Given Data / Assumptions:

• Effective horizontal length of the bar = L.
• Crank rises through vertical d at 45° (and returns similarly).
• Standard detailing approximations are acceptable for bar length calculations.

Concept / Approach:
The true inclined length to traverse depth d at 45° is d / sin 45° = d * √2 ≈ 1.414 d. However, as the horizontal projection already counts d (since tan 45° = 1), practical estimation uses an empirical addition of approximately 0.42 d per crank to account for the extra length beyond the horizontal projection, bend curvatures, and allowances.

Step-by-Step Solution:
1) Two cranks (up and down) occur: total extra allowance ≈ 2 * 0.42 d = 0.84 d.2) Bar length = horizontal L + crank allowances = L + 0.84 d.3) Hence, adopt L + 2 × 0.42 d per standard estimation practice.

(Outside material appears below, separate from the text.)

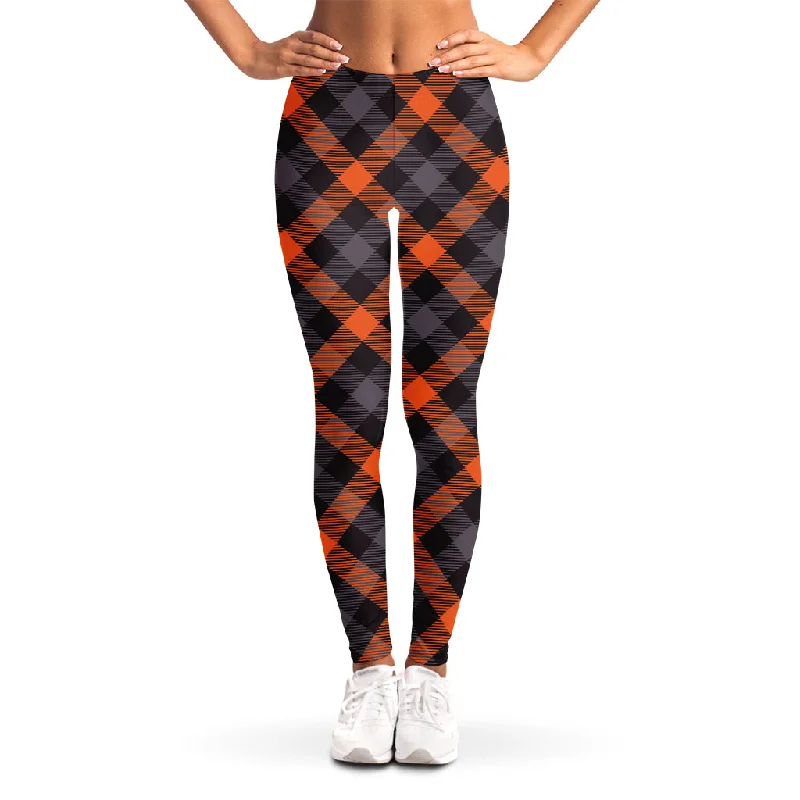 Daily Specials Halloween Buffalo Check Pattern Print Women's Leggings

Verification / Alternative check:
Comparing with exact geometric surplus (2 * (√2 − 1) d ≈ 0.828 d) shows the 0.84 d allowance is a close, conservative approximation including bend curvature.

Why Other Options Are Wrong:

• L + 0.42 d: Only accounts for one crank, not two.
• Negative adjustments (options C and D) contradict the added length due to bending.

Common Pitfalls:

• Forgetting to include both up and down crank allowances.
• Omitting extra length for hooks/anchorage where specified separately.

Final Answer:
L + 2 x 0.42 d.